▶ [Data for this exercise]:
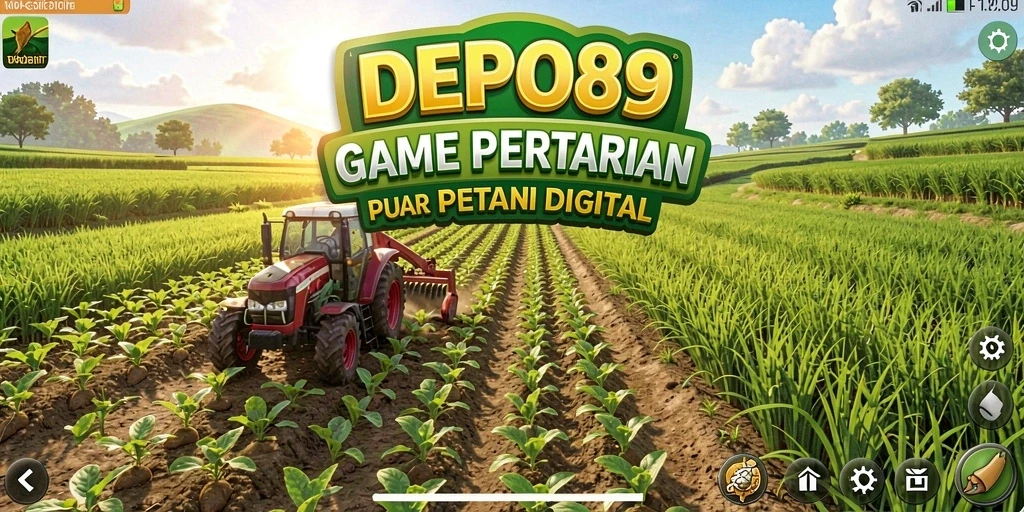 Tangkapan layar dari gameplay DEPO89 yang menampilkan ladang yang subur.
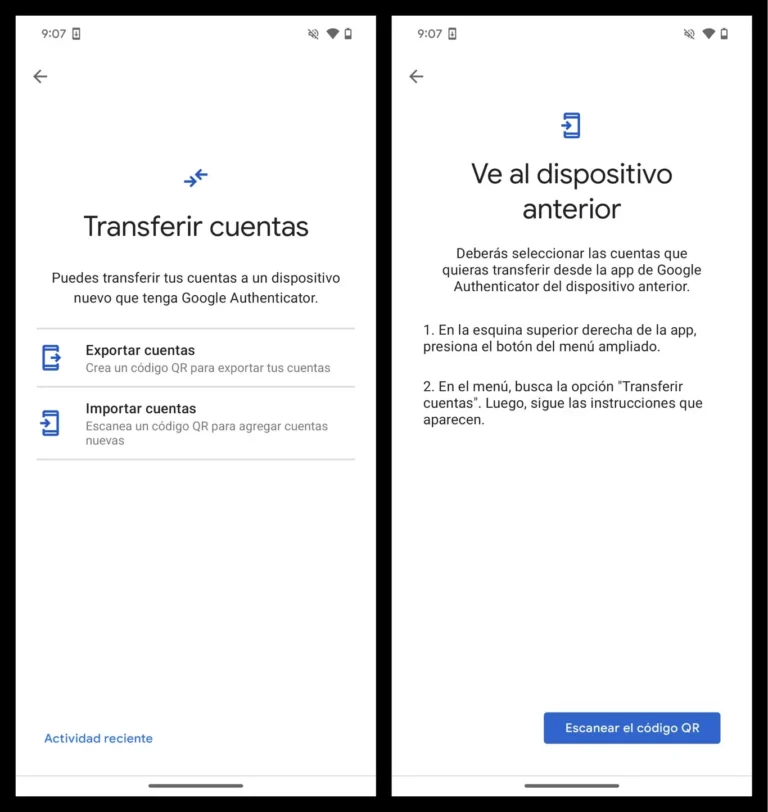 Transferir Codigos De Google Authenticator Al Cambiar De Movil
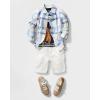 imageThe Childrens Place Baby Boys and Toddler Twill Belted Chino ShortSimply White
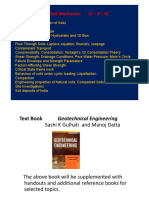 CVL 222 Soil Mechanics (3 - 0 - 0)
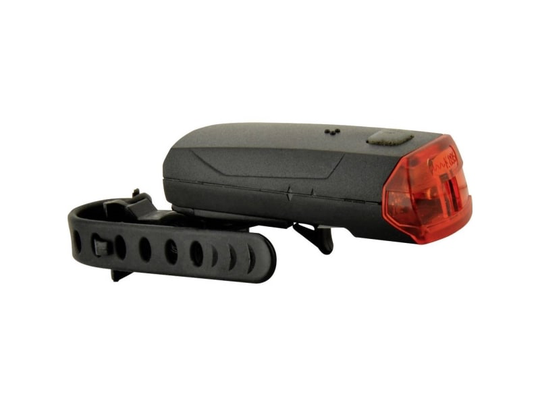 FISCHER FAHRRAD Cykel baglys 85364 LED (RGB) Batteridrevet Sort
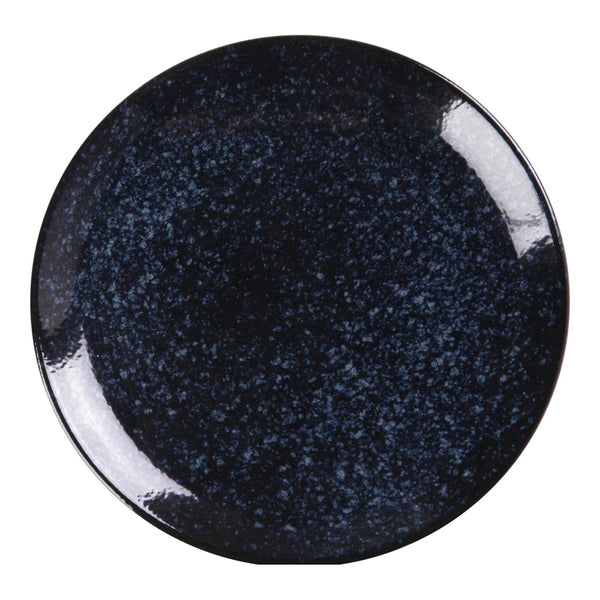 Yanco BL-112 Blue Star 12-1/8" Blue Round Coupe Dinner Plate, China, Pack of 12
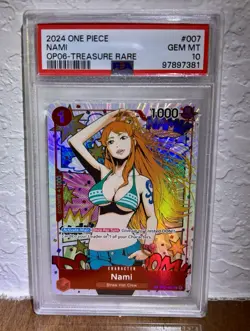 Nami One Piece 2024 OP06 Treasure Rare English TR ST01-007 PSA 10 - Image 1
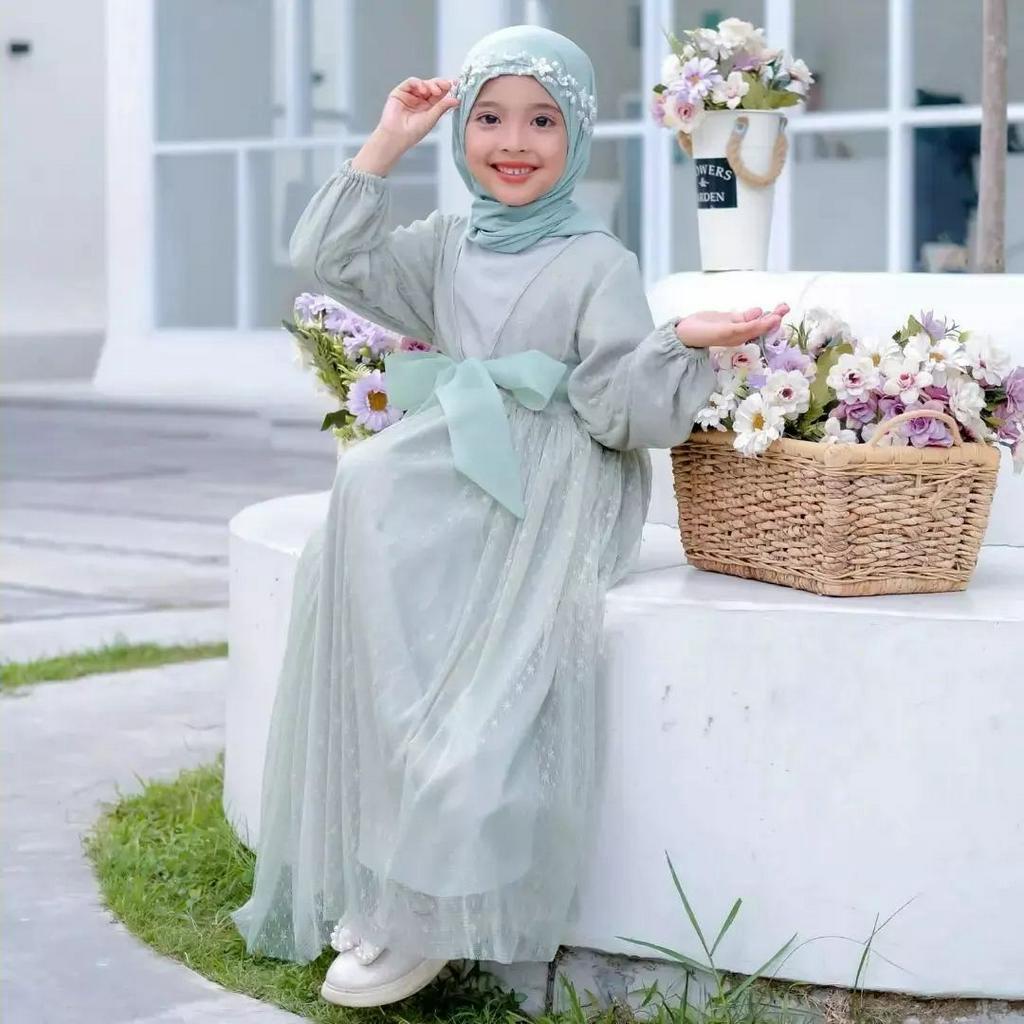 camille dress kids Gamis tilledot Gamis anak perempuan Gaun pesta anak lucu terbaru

▶ [Exercise prompt]:
Only lines from the one holding "FISCHER FAHRRAD Cykel" through the last line of the entries above are wanted, both ends included, each retyped exactly; no pictures.

▶ [Solved exercise]:
 FISCHER FAHRRAD Cykel baglys 85364 LED (RGB) Batteridrevet Sort
 Yanco BL-112 Blue Star 12-1/8" Blue Round Coupe Dinner Plate, China, Pack of 12
 Nami One Piece 2024 OP06 Treasure Rare English TR ST01-007 PSA 10 - Image 1
 camille dress kids Gamis tilledot Gamis anak perempuan Gaun pesta anak lucu terbaru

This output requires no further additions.